Why SOA?
Due to iterative adoption of technology by organizations, Enterprise Middleware applications needs to co-exist in heterogeneous environments. For any new or old application, one new particulate functionality either had to be redeveloped or reintegrated which throws a situation of multiple version of similar application specification exist within one organization. This puts other operational issues maintenance, version control and patch updates. SOA solved this problem holistically by bring these different applications for similar functionality as a service at one central location and provide interface to all. With this approach, Business Process gets greater alignment between IT and line of business while generating more flexibility by reuseability of existing infrastructure and well defined interface for collaboration between business processes.
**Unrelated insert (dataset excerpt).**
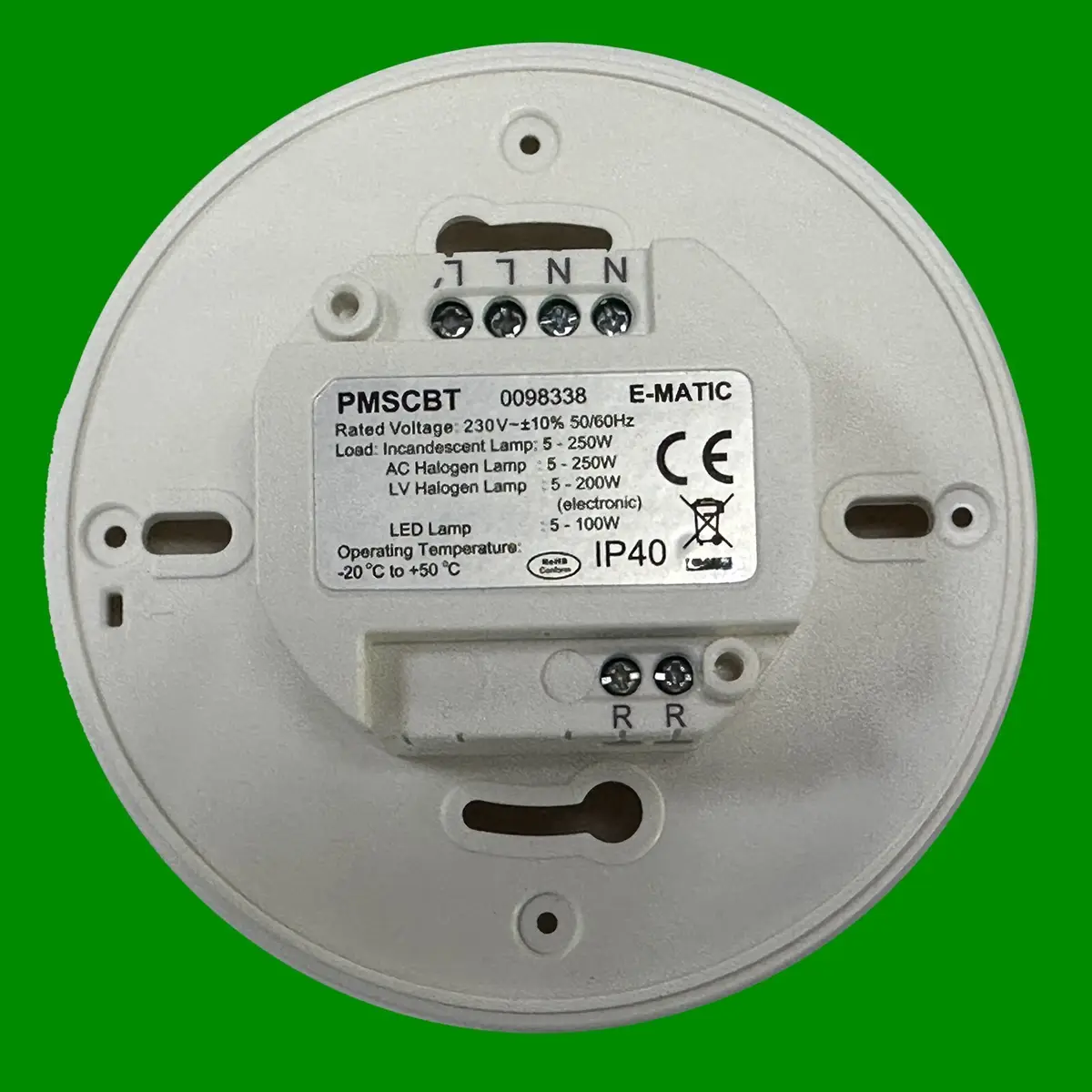 Smart Occupancy Sensor 360 PIR Motion Light Switch Movement Detection Ceiling - image 6 | Free standard UK delivery included | Discount Quality Products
I used to think it is more about Web Service communicating with each other over ESB. But when I started to look close, found web service with lots of customized standard from J2EE world.
- Actors - Service Requester and Providers
- Action - Message Exchange
- Medium - Shared transport for message flow
Four major pillars:
- Web Service Description Language (WSDL): It is self explanatory description of service in a platform independent XML file.
- SOAP Messages: It is communication transport layer where business documents are exchanged in heterogeneous environment where providers have very little info about each other.
- Universal Definition, Discovery and Integration (UDDI): An enterprise level service directory/registory to look-up and invoke services.
- Quality of Service (QoS): Service level agreement about security consideration, authentication and authorization standard and reliability of messages in the system
SOA is more than web service. Web service role is to communicate with a service using SOAP/UDDI/HTTP, but SOA needs collaboration infrastructure of enterprise class communication both asynchronous and synchronous. Messaging has been the pick and ESP provides it at enterprise level. It is not mandatory that your SOA has to be ESB based but it suites the bill best. SOA is technology agnostic, therefore, there can't be one vendor providing all the nuts and bolts at least for near future. But SOA will remain at center-point of Enterprise Integration technology.
Pitfalls of SOA?
- To view SOA as an end, rather than a means to an end. Developers who focus on building an SOA solution rather than solving a specific business problem are more likely to create complex, unmanageable, and unnecessary interconnections between IT resources.
- Try to solve multiple problems at once, rather than solving small pieces of the problem. Taking a top-down approach—starting with major organization-wide infrastructure investments—often fails either to show results in a relevant timeframe or to offer a compelling return on investment.
SOA does require people to think of business and technology differently. Instead of thinking of technology first (e.g., If we implement this system, what kinds of things can we do with it?), practitioners must first think in terms of business functions, or services (e.g., My company does these business functions, so how can I set up my IT system to do those things for me most efficiently?).